Data excerpt —
────────────────────────────────────────
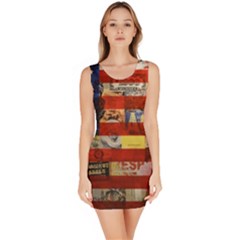 Usa Flag United States Bodycon Dress by uniart180623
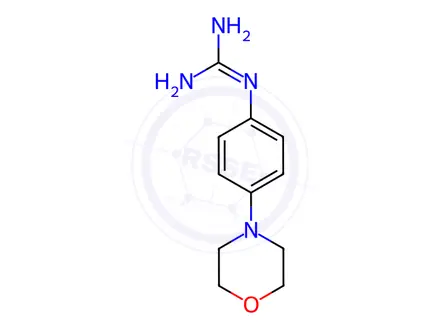 Chemical structure of N-(4-morpholin-4-ylphenyl)guanidine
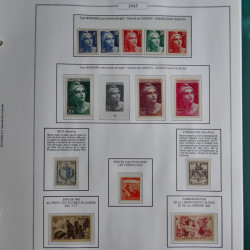 Collection timbres de France 1853-1956 neufs et oblitérés en album AV.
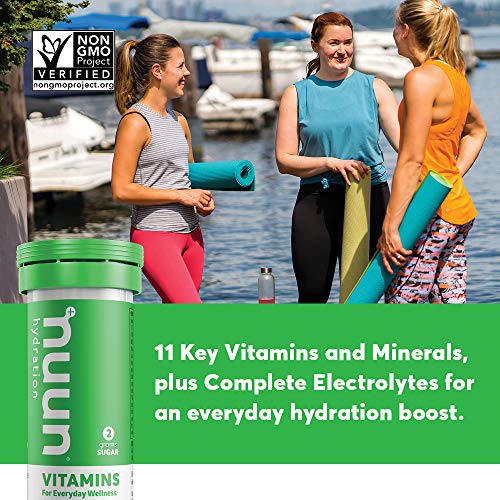 Nuun Complete Pack Sport, Vitamins, Immunity, and Rest Hydration ...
────────────────────────────────────────
Work item — Transcribe the listing exactly; skip the pictures.

Response to this exercise —
 Usa Flag United States Bodycon Dress by uniart180623
 Chemical structure of N-(4-morpholin-4-ylphenyl)guanidine
 Collection timbres de France 1853-1956 neufs et oblitérés en album AV.
 Nuun Complete Pack Sport, Vitamins, Immunity, and Rest Hydration ...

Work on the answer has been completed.